IOW marine physicist Hans Burchard receives the Georg Wüst Prize for outstanding achievements
Hans Burchard, deputy head of the Physical Oceanography Department at the Leibniz Institute for Baltic Sea Research Warnemünde (IOW), has been awarded the Georg Wüst Prize 2019 from the German Society for Marine Research (DGM) for outstanding contributions to marine research. He received the award, which is supported by the international scientific journal “Ocean Dynamics”, at the Annual General Meeting of the European Geosciences Union (EGU) on April 10 in Vienna. With this award, which has been awarded for the eighth time this year, the DGM honours Burchard’s work on the significant advancement of computer-aided modelling of turbulence and other dynamic processes in the ocean.
Turbulence and other mixing and transport processes have a major impact on marine life and are also an important influencing factor for many processes outside the ocean, such as weather and – in the long term – climate developments. To better understand their influence on marine ecosystems and to simulate future scenarios, marine researchers use numerical models. Since his doctoral thesis, Hans Burchard’s research has focused on the continuous advancement of these models and their adaptation to the special conditions in coastal waters and estuaries – in particular to brackish waters such as the Baltic Sea or the tidal Elbe. By creating an overarching framework concept for the computational modelling of marine turbulence with only a few variable key parameters, he made the use different models, each with only a limited applicability to very specific situations, superfluous. In addition, he contributed to a deeper understanding of estuaries, for example by incorporating tidal dynamics in addition to classical gravitational circulation. To make it easier for the scientific community to work with his models, he made sure that their program code was easily accessible on web portals. In particular, the General Ocean Turbulence Model (GOTM) and the General Estuarine Transport Model (GETM) have been used by marine researchers worldwide for about two decades to quickly and accurately estimate the influence of turbulent mixing processes of varying intensity on their respective research areas.

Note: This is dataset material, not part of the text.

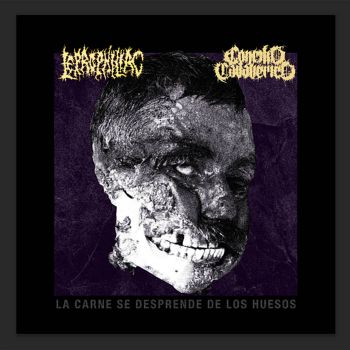 Leprophiliac / Concilio Cadaverico - La Carne Se Desprende de los Hueso (2021)
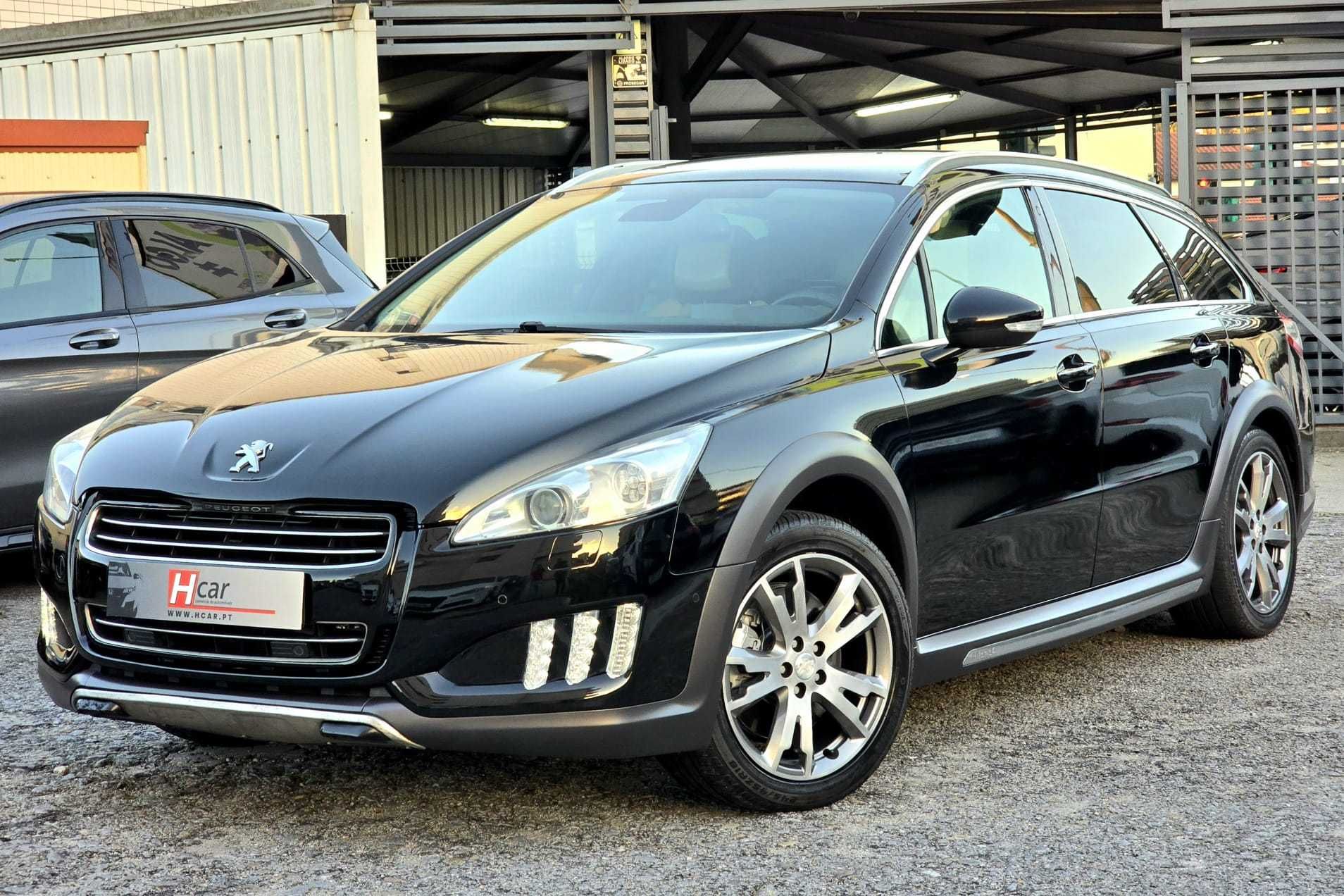 PEUGEOT 508 RXH 2.0HDI 200CV "EAT6" "FULL EXTRAS"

Prof. Jörg-Olaf Wolf, editor-in-chief of “Ocean Dynamics”, praised the achievements of the prize winner in his laudation with the following words: “Hans Burchard has brought order to a complicated field with his research and has also made his work available to others in a selfless contribution. In summary, he is a great asset to our community. He is extraordinarily productive, collaborates widely, and has created or expanded the most important tools and ideas used in estuarine and coastal dynamics at this time.” In his reply to the laudation, Hans Burchard added: “Without intensive national and international scientific cooperation and networking, the development of these methods and the scientific knowledge they have produced would never have been possible.”

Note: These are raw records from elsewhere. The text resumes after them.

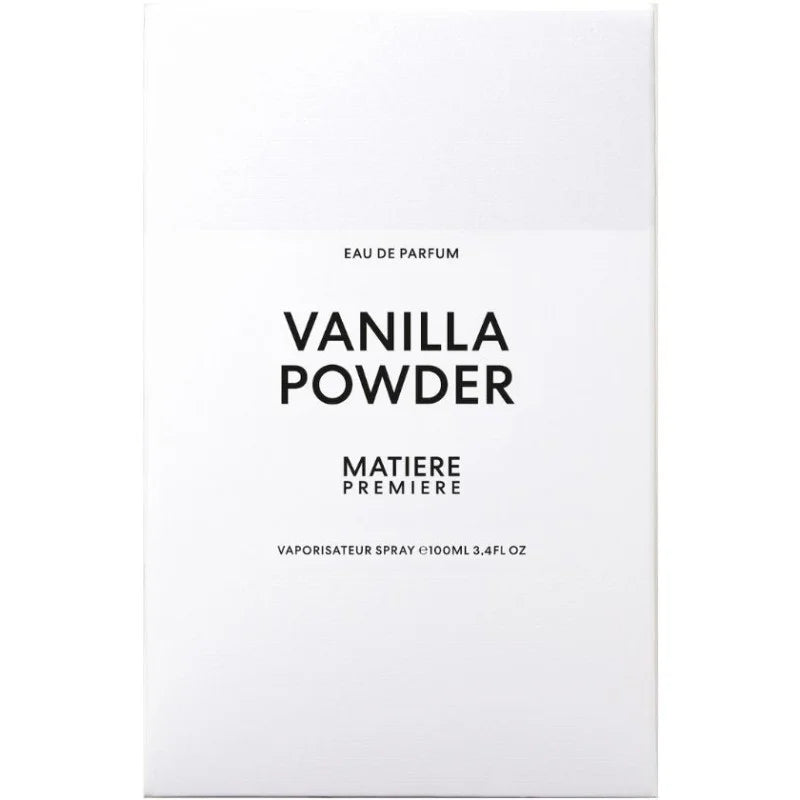 Matiere premiere•  vanilla powder•  100 ml•  eau de parfum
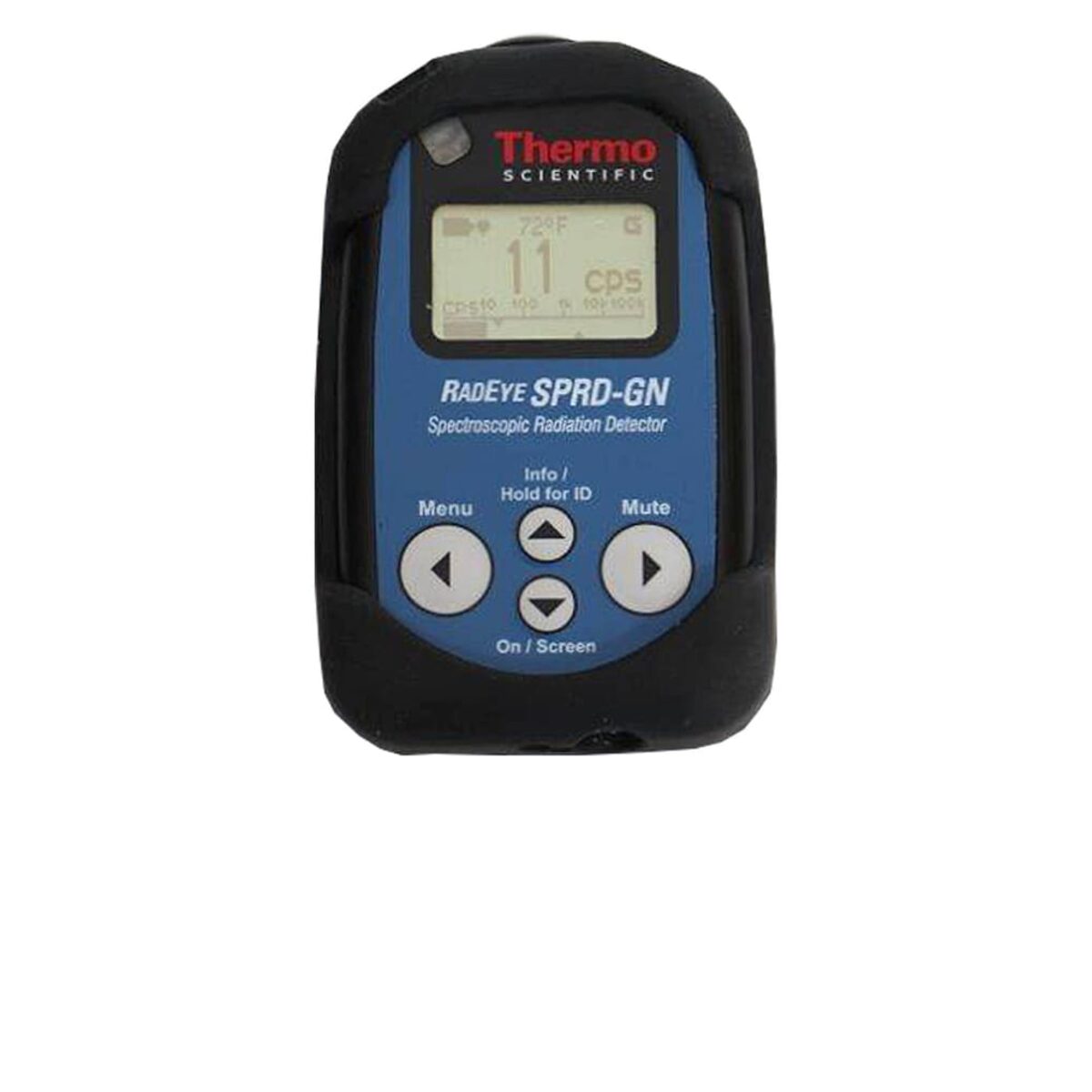 RadEye™ SPRD-GN – Detector Espectroscópico Portátil de Radiação Gama e Neutrões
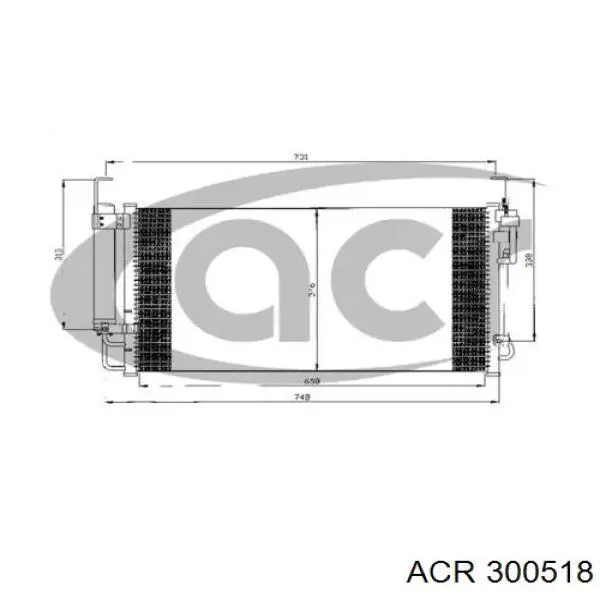 Compre 976063A100 Hyundai/Kia Radiador de aparelho de ar condicionado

Hans Burchard has been working at the IOW since 2002 as deputy head of the Physical Oceanography Section and at the same time teaches as professor in this field at the University of Rostock. Before that, his scientific career led him from the Institute of Marine Science of the University of Hamburg, where he completed his doctoral thesis in 1995, to the Danish Hydraulic Institute in Hørsholm, to Italy to the Institute of Space Applications of the EU Joint Research Centre in Ispra, and back to his Alma Mater in Hamburg.

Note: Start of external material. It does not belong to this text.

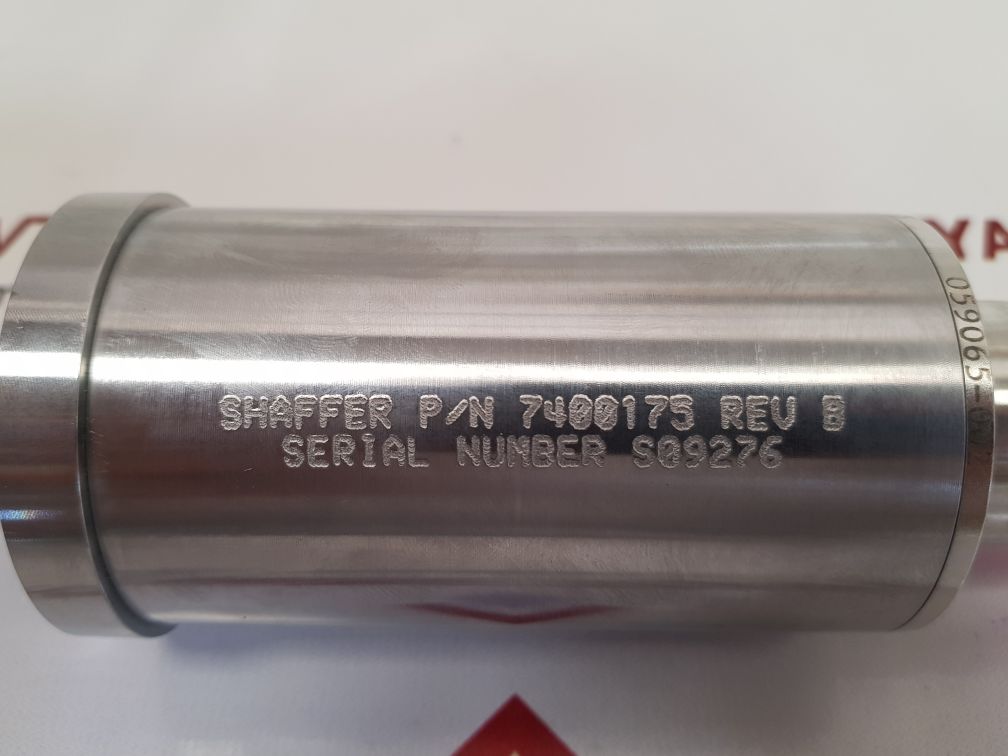 Shaffer 7400175 rev b solenoid valve new - Image 6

Georg Adolf Otto Wüst (1890 – 1977) was a German oceanographer. He is best known for his studies of the Atlantic Ocean. During the “German Atlantic Expedition” (1925 – 1927) he led the oceanographic work on the research vessel METEOR. He was able to obtain a large amount of data, from which he developed for the first time a clear understanding of the circulation system of the Atlantic Ocean. The award named after him was established in 2005 by the DGM and the journal “Ocean Dynamics” published by the Springer publishing house in order to honour scientists every two years, who have contributed outstanding scientific findings to marine research. In accordance with the scientific focus of the journal, these are primarily in the areas of theoretical, computer-aided and observational marine research and are of cross-disciplinary significance.
IOW is a member of the Leibniz Association with currently 95 research institutes and scientific infrastructure facilities. The focus of the Leibniz Institutes ranges from natural, engineering and environmental sciences to economic, social and space sciences as well as to the humanities. The institutes are jointly financed at the state and national levels. The Leibniz Institutes employ a total of 19.100 people, of whom 9.900 are scientists. The total budget of the institutes is 1.9 billion Euros.